▶ [The data]:
--- --- ---
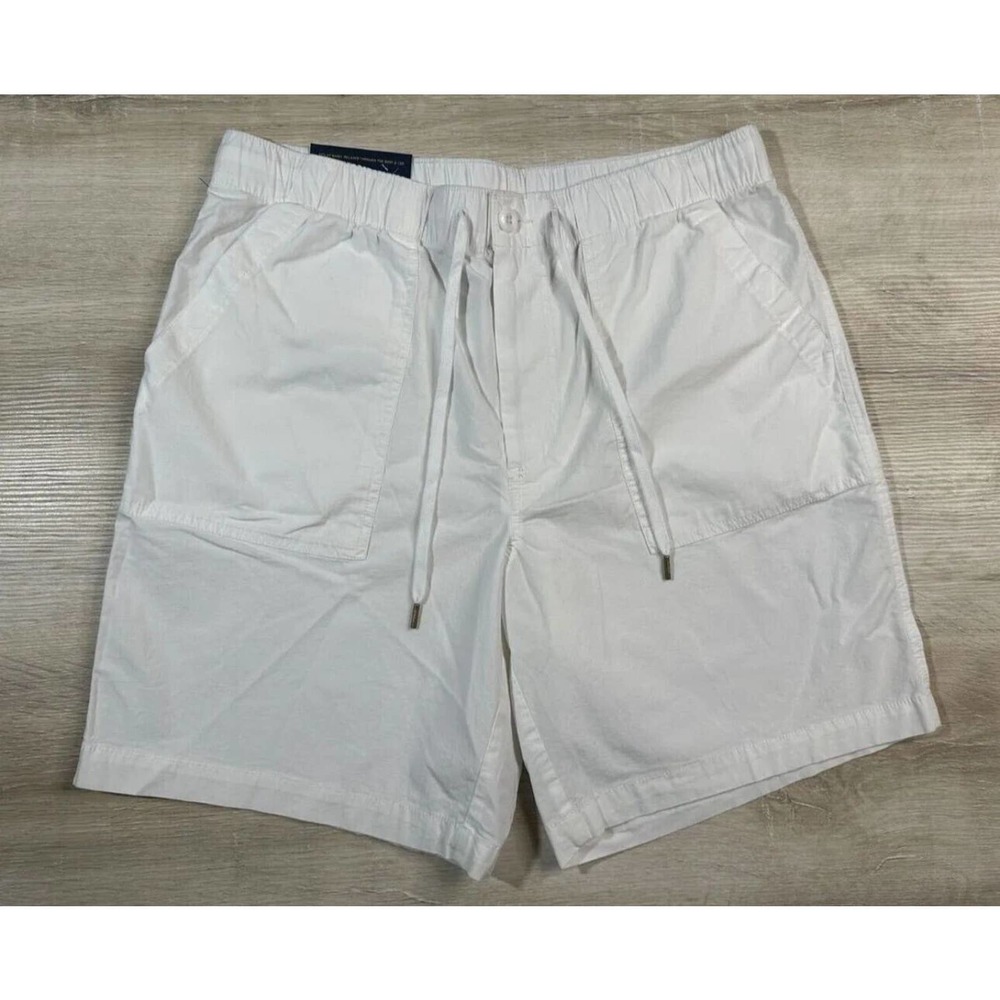NWT POLO RALPH LAUREN MEN S WHITE DRAWSTRING Shorts Relaxed Fit STRETCH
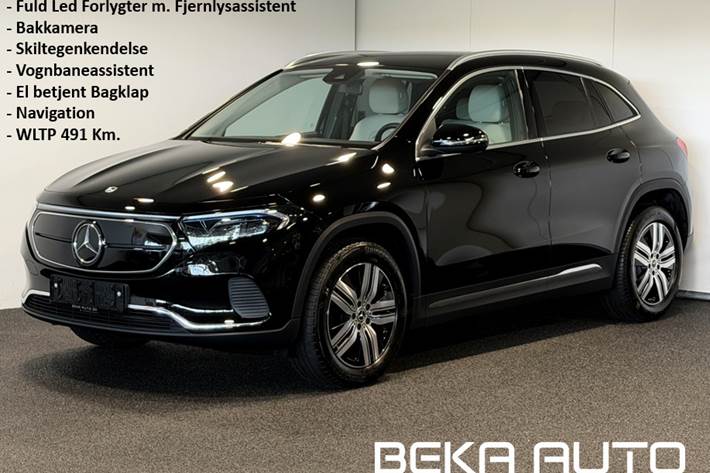 Sort Mercedes EQA250 fra 2023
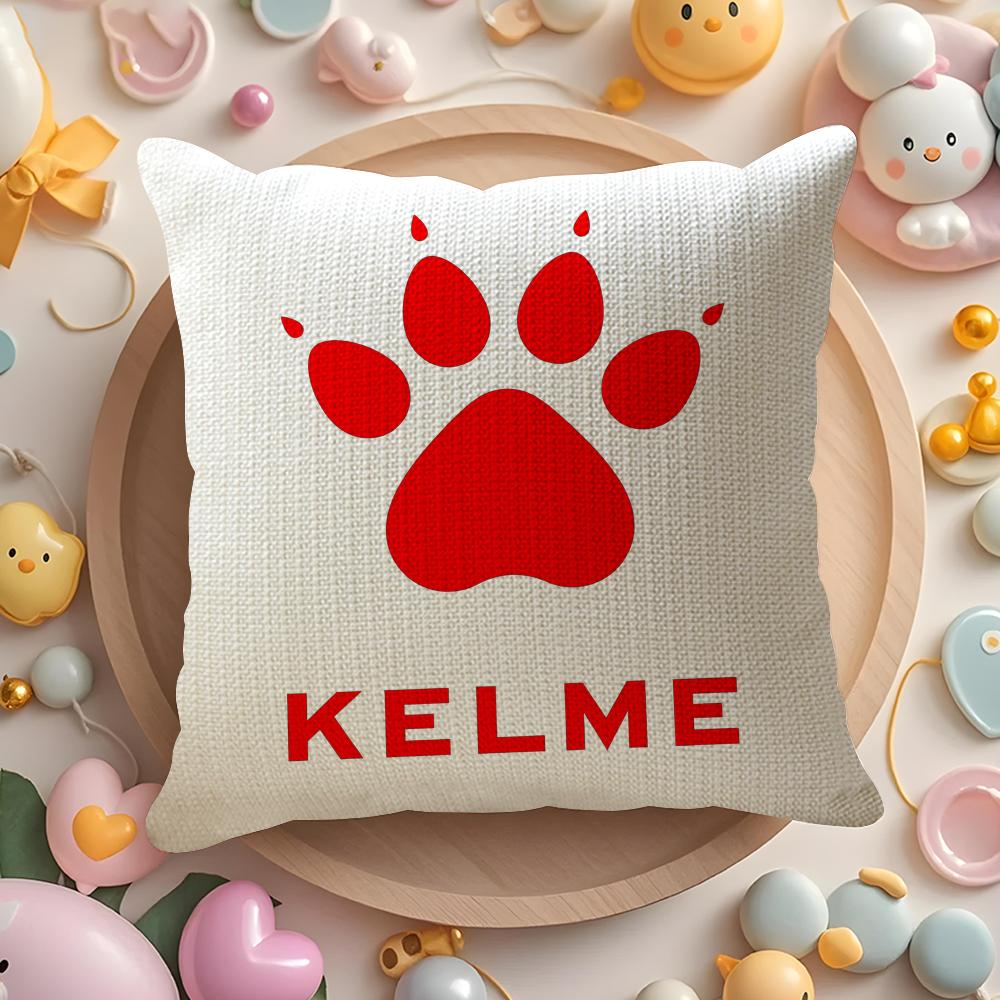 Luxury Fashion K-Kelme Cushion Cover Linen Organic Fabric Double-Sided Printing Breathable Pillow Case Sofa Home Decor Gift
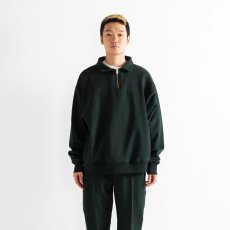 画像2: APPLEBUM  Solid Color Half Zip Sweat (Dark Green) (2)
--- --- ---
▶ [Activity]: Set down the line containing "Luxury Fashion K-Kelme" and every line after it up to the end of the material, exactly as written, but not the pictures.

▶ [Result of this task]:
 Luxury Fashion K-Kelme Cushion Cover Linen Organic Fabric Double-Sided Printing Breathable Pillow Case Sofa Home Decor Gift
 画像2: APPLEBUM  Solid Color Half Zip Sweat (Dark Green) (2)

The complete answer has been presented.